Le déboisement d'Haïti n'a pas commencé hier. Les pratiques remontent au XVIe siècle. Les colons français ont détruit des milliers d'hectares de forêt vierge pour y planter de la canne à sucre, du coton et du café. Mais selon l'agro-économiste et géographe Roger Michel, la plus grave atteinte à l'écosystème a été observée sous l'occupation américaine, de 1915 à 1934. Pendant cette période, la couverture forestière est passée de 60 % à 21 %.

Depuis, le massacre des arbres se poursuit, notamment parce que 90 % de la population utilise le charbon de bois pour la cuisson alimentaire et qu'aucune solution de rechange n'a été mise en place par les gouvernements qui se sont succédé depuis 1986.

Selon le ministre de l'Environnement Jean-Claude Germain, joint hier, la situation risque de s'aggraver: «Avec les changements climatiques, les pluies décennales qui menaçaient Haïti vont désormais devenir annuelles.»
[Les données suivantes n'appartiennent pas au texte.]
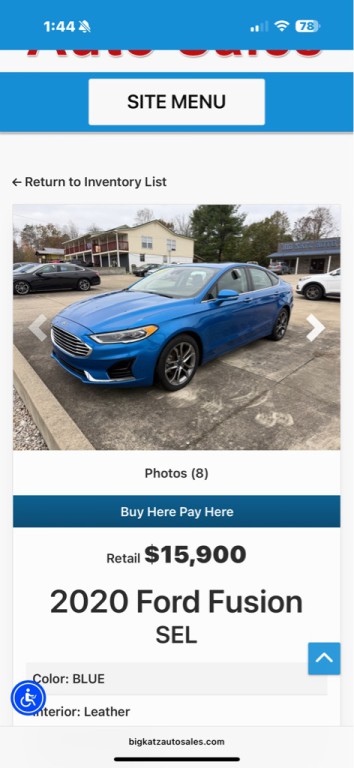 2020 Ford Fusion Image 2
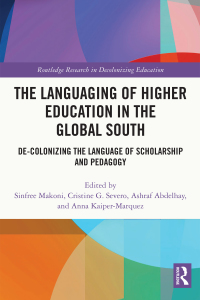 Cover image: The Languaging of Higher Education in the Global South 1st edition 9780367686536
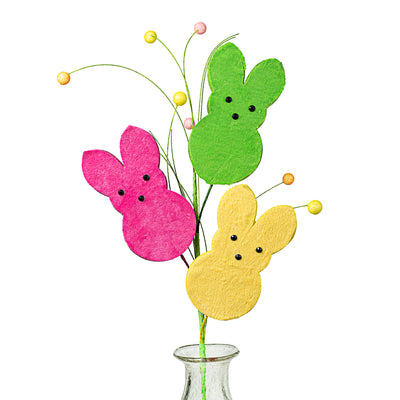 27" Marshmallow Bunny Spray Item Number: 62705EAS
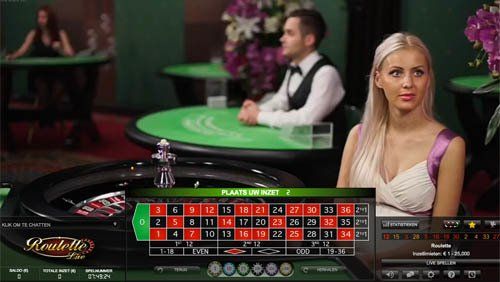 jouer à la roulette europénne avec croupiers live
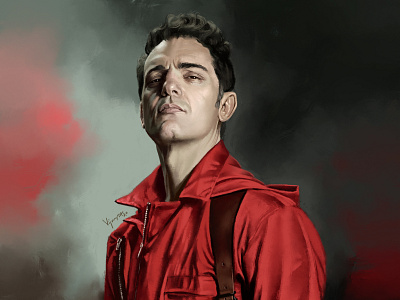 Berlin | Digital Painting | Money heist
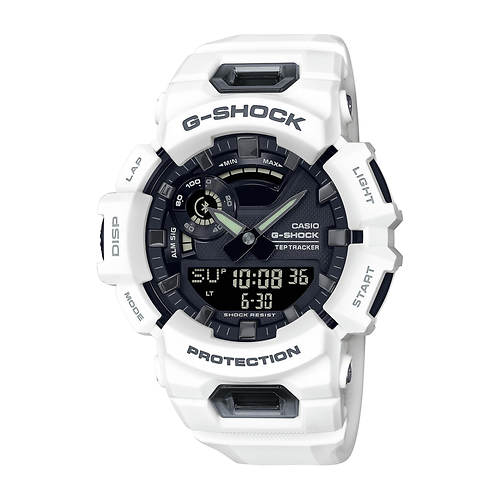 G Shock Mens G Squad Smartphone Link Resin Smartwatch With Black Dial Free Shipping At 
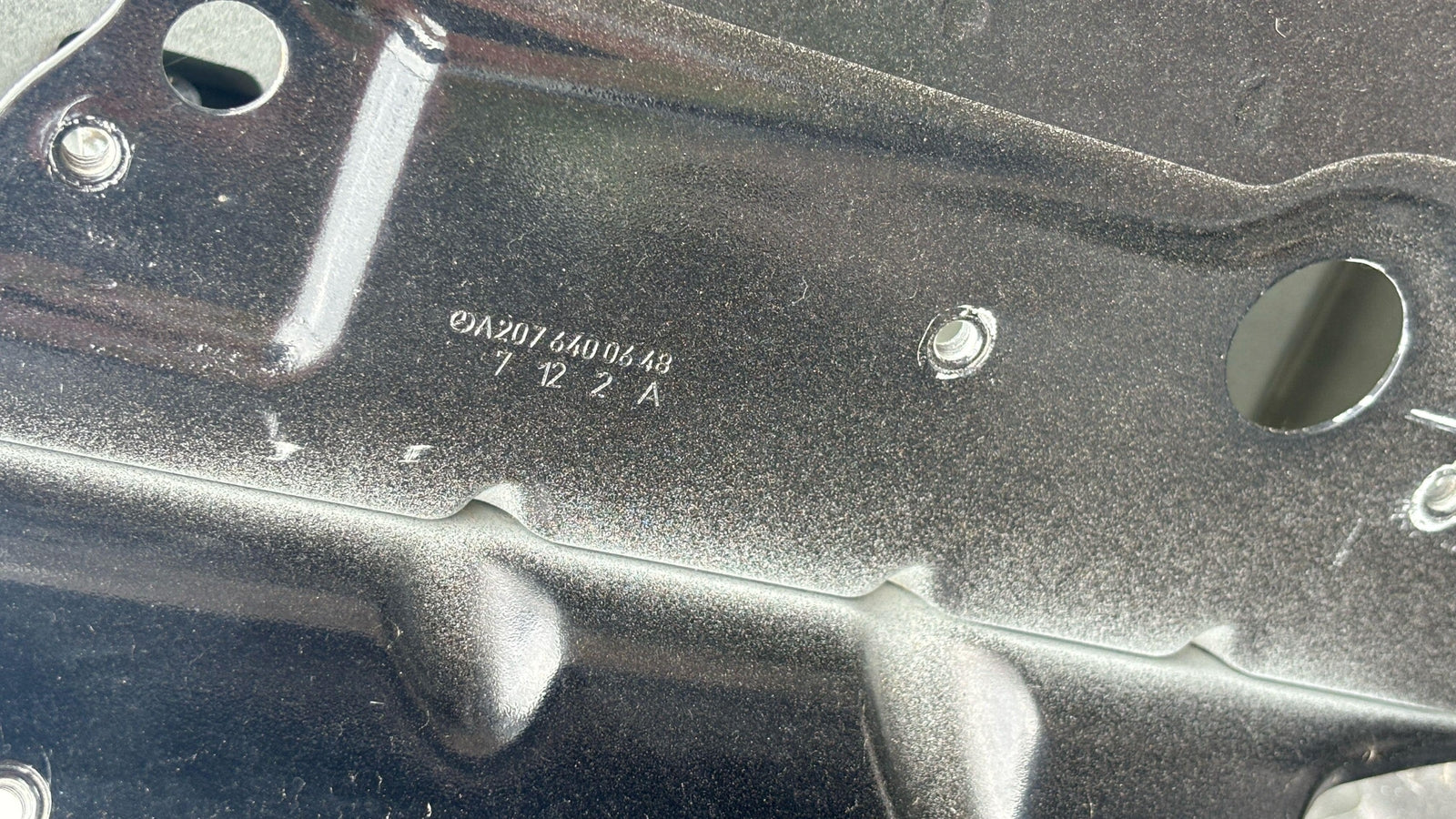 12-17 Mercedes E350 Rear Right Passenger Side Quarter Panel Body Frame Cut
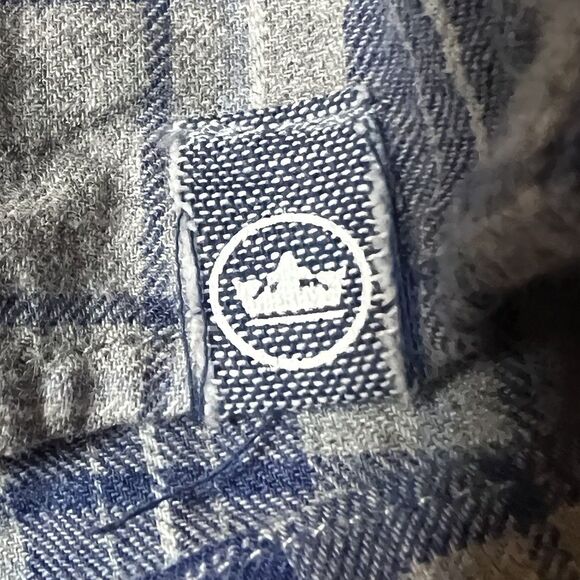 Peter Millar Shirt Blue Plaid Flannel Long Sleeve Button Down Men’s M - Picture 4 of 6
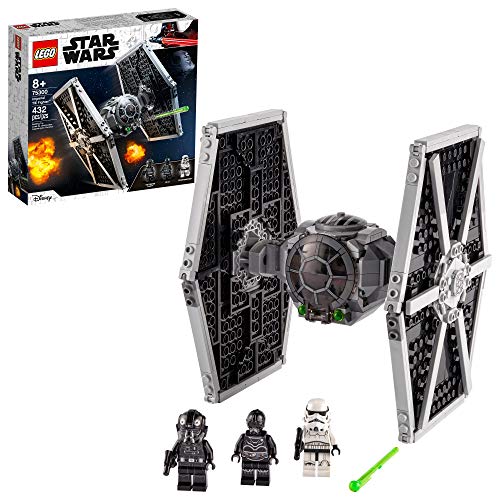 LEGO Star Wars Imperial TIE Fighter 75300 Building Toy with Stormtrooper and Pilot Minifigures from The Skywalker Saga by LEGO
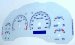 Nu Image WG105 White Gauge Face for Chevy and GMC (WG105, N31WG105)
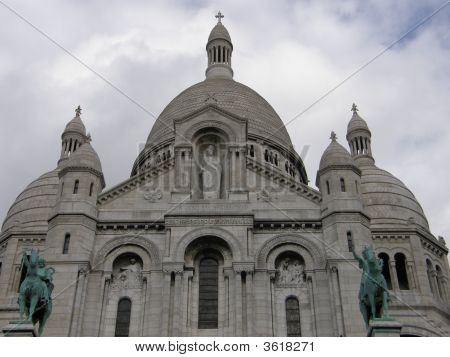 Basilique Du Sacre Coeur v Paříži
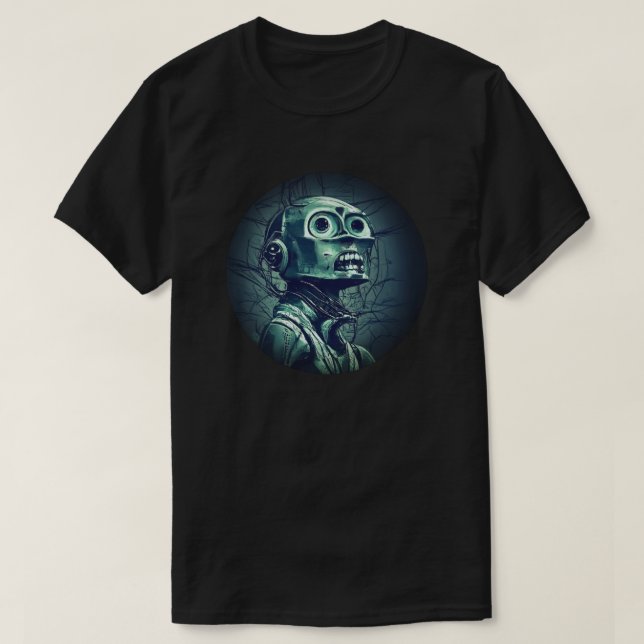 Retro Robot T-Shirt (Design framsida)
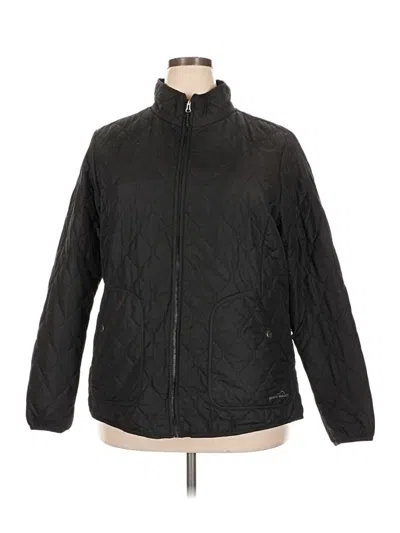 Pre-owned Eddie Bauer Jacket In Black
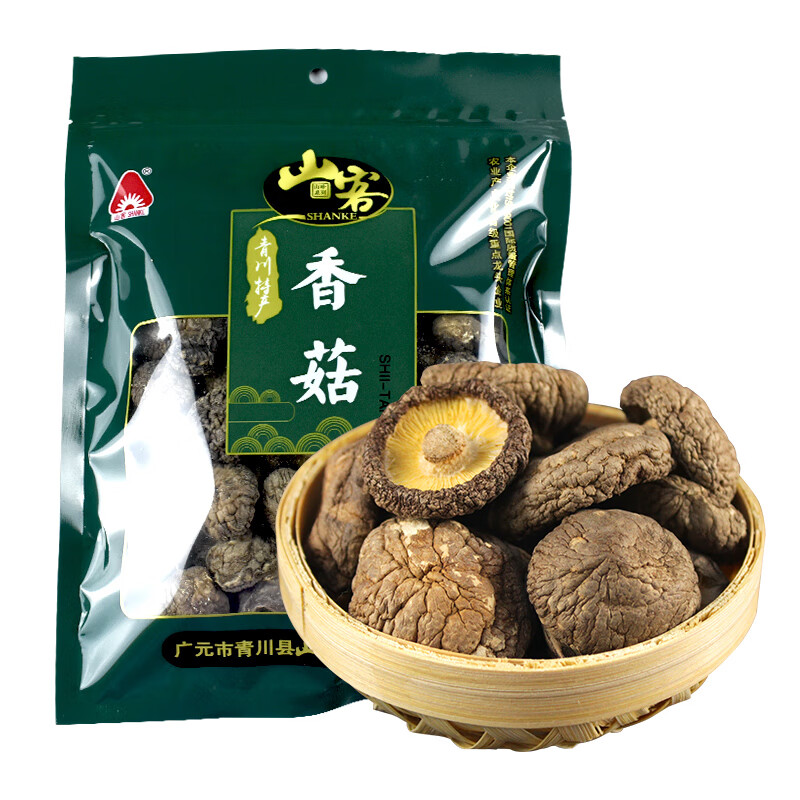 山客（shanke）  四川省青川县特产 香菇100g/袋*2 乡村振兴 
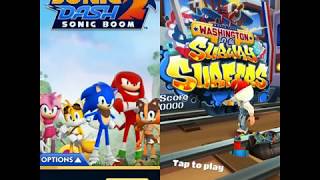 "Sonic dash 2: Sonic Boom vs Subway Surfers" first run after installed. screenshot 5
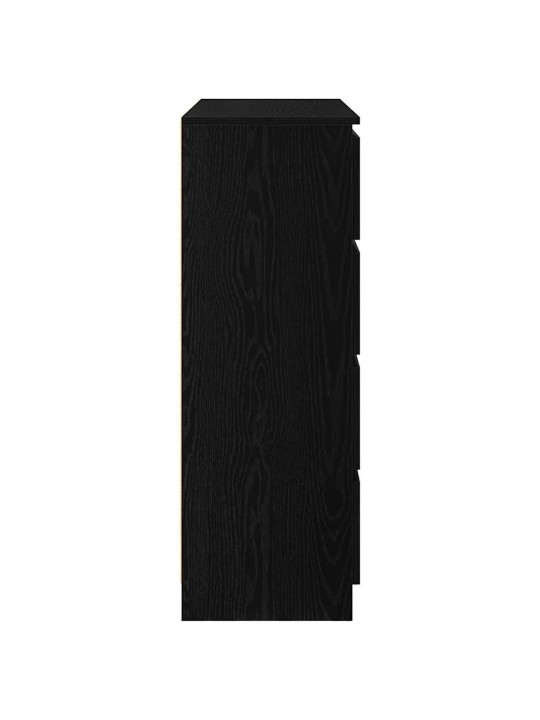 Senkki musta tammi 100x35x99 cm tekninen puu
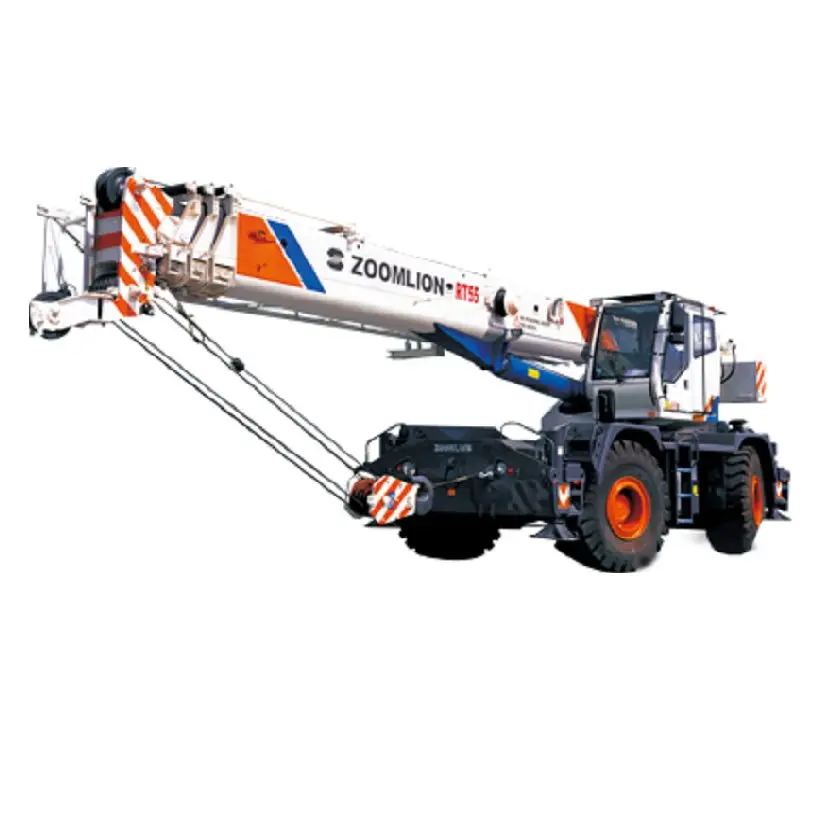 Zoomlion RT55 50 Ton Mobile Crane 4-Wheel Construction Truck Rough Terrain Capability Gearbox Engine Pump Gear Motor Bearing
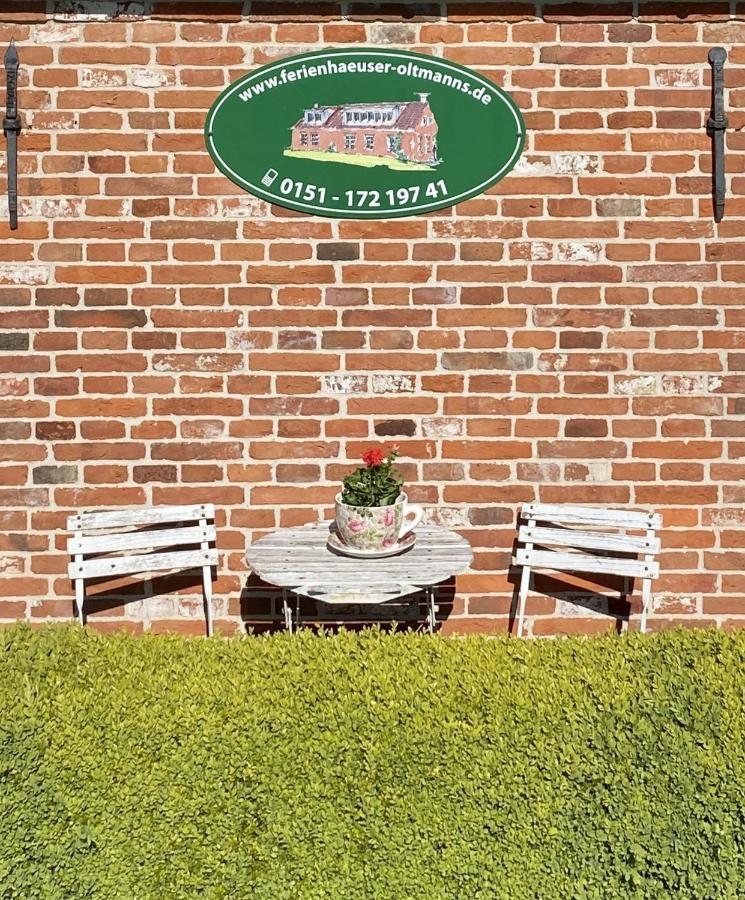 Oltmanns Ferienhaus Bummert Am Hafen 글레트지일 외부 사진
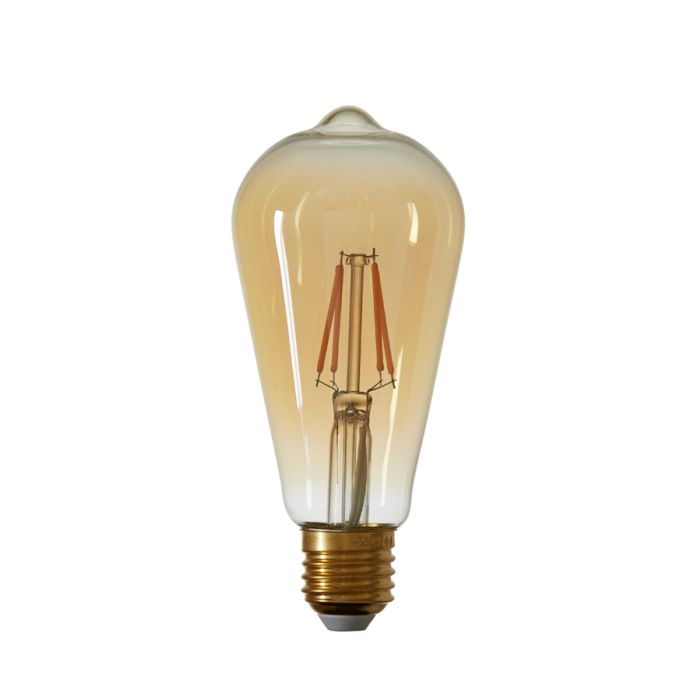 LED angular Ø6,5x14,5 cm LIGHT 4W amber E27 dimmable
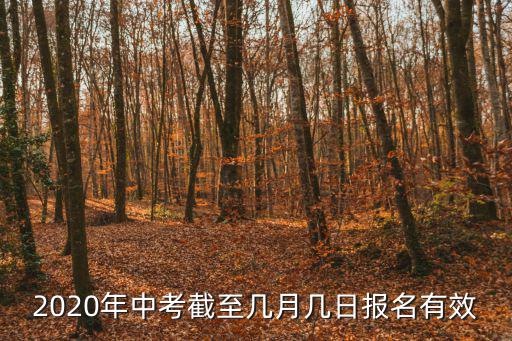 2020年中考截至幾月幾日報名有效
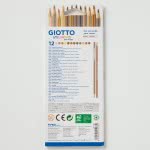 Giotto Stilnovo Skintones Wooden Pencils 12 Pieces 025740000 8000825012389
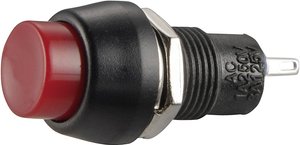 Przełącznik wciskany TRU COMPONENTS TC-R13-84B-05RT 1587724, 10.2 mm, 250 V/AC, 1 A, 1 szt.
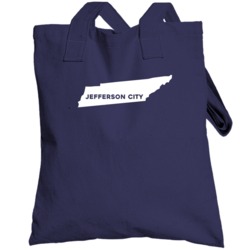 Jefferson City Tennessee Custom City Patriotic Usa Totebag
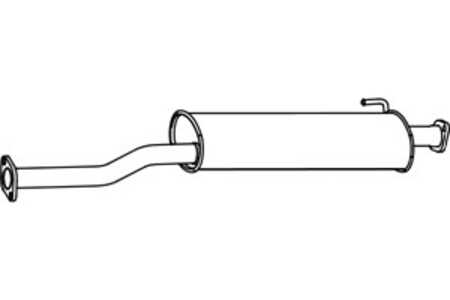 Mittenljuddämpare, Mitt, hyundai trajet, 28650-3A103, 28650-3A720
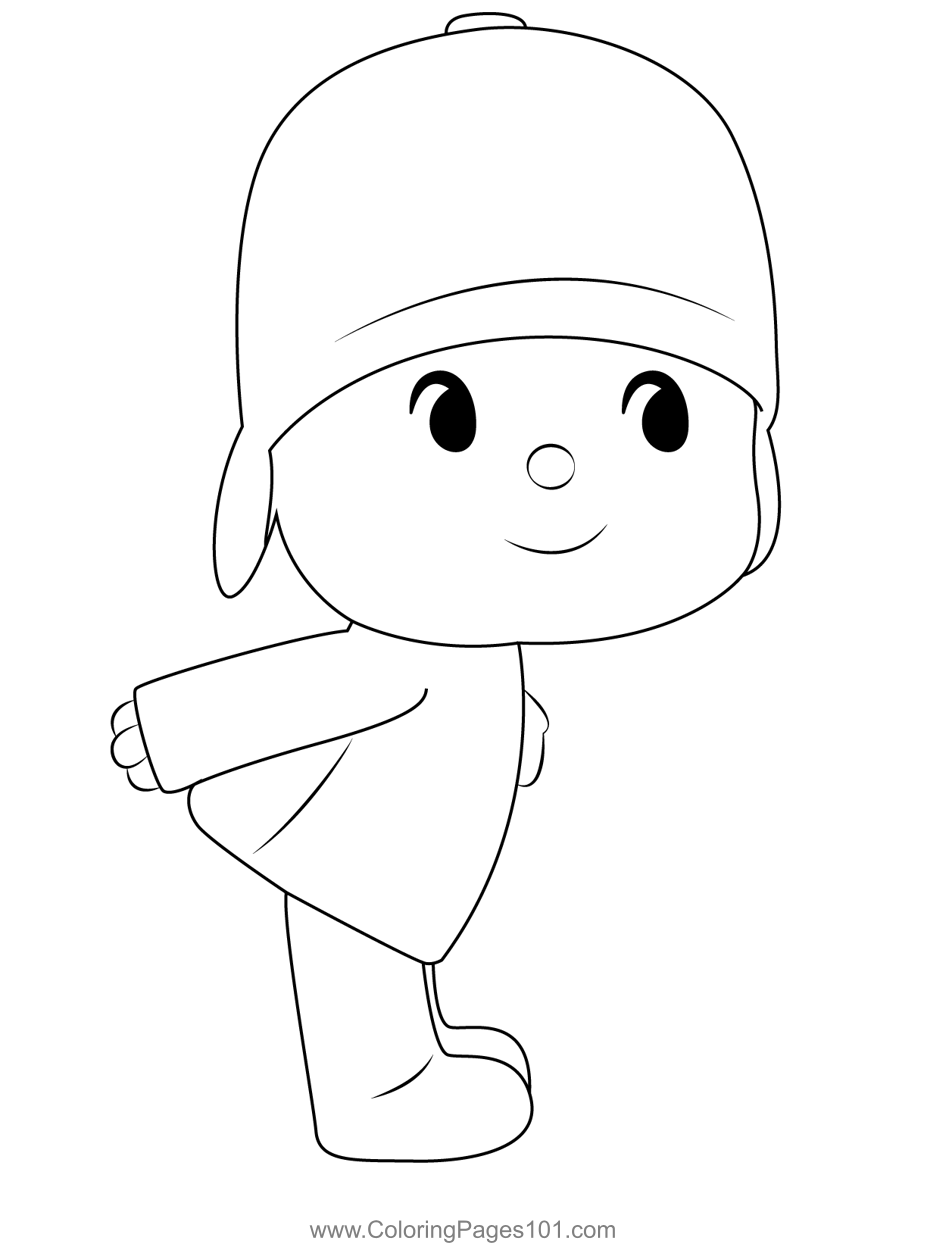 Cut Pocoyo Coloring Page  Coloring pages, Coloring pages for kids,  Printable coloring pages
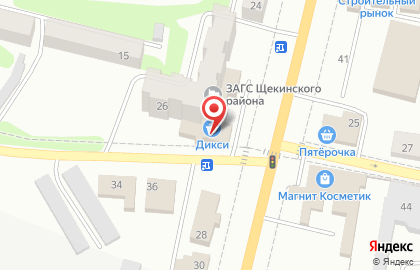 Супермаркет Дикси на Советской улице на карте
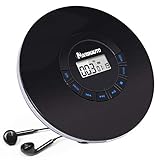 NAVISKAUTO CD Player Tragbar 2000mAh Akku.Discman CD-Walkman LED Hintergrundbeleuchtung mit Kopfhörer Skip Schutz CD/MP3/WMA/CD-R/ CD-RW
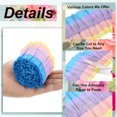 thumbnail image 4 of Uxcell 8Pcs Crepe Paper Streamers, 9.84ft Decoration Paper Blue, Yellow, Light Purple, 4 of 6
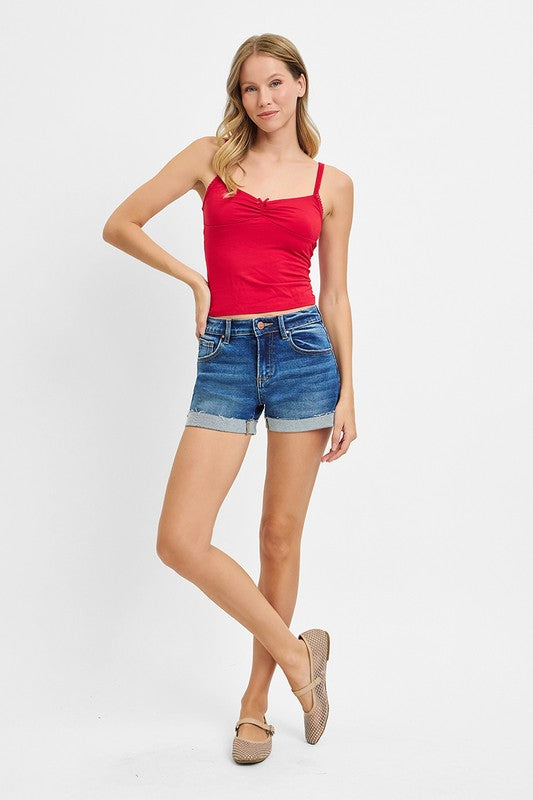 Midnight Moon Denim Risen Shorts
Pour remédier aux effets dévastateurs du déboisement, estime le ministre, le territoire haïtien, composé de 80 % de montagnes et de 20 % de plaines, nécessitera des débours de plus en plus importants. Si la population haïtienne est davantage conscientisée par la question environnementale, M. Germain reconnaît toutefois qu'«en matière d'approche et de budget, il y a toujours un grand déficit chez les décideurs politiques».

Échecs environnementaux

Les politiciens haïtiens ne sont pas les seuls à mettre à l'écart la question du reboisement. Le représentant du programme des Nations unies pour le développement en Haïti, Joël Boutroue, note que depuis la chute de la dictature des Duvalier, en 1986, les grandes agences de développement ont mis l'accent sur le renforcement de la démocratie et la gouvernance.

Selon lui, ces organismes se sont toujours montrés «frileux et prudents» par rapport à la question environnementale. «Haïti est un cimetière de projets lorsqu'on parle de l'environnement. Il y a eu tellement d'échecs. Il n'y a jamais eu d'approche holistique du problème environnemental», a-t-il dit à La Presse lors d'une entrevue téléphonique.

Quelques efforts ont néanmoins été déployés. Cette année, le budget du ministère de l'Environnement est passé de un à quatre millions de dollars américains, mais on est bien loin du compte. À titre d'exemple, le reboisement des montagnes qui ceinturent la ville des Gonaïves, la plus touchée par la tempête tropicale Hanna, nécessiterait de 50 à 100 millions, selon M. Boutroue. Les donateurs internationaux se sont engagés à verser plus de 130 millions pour les deux prochaines années, mais pour le moment, il ne s'agit que de promesses.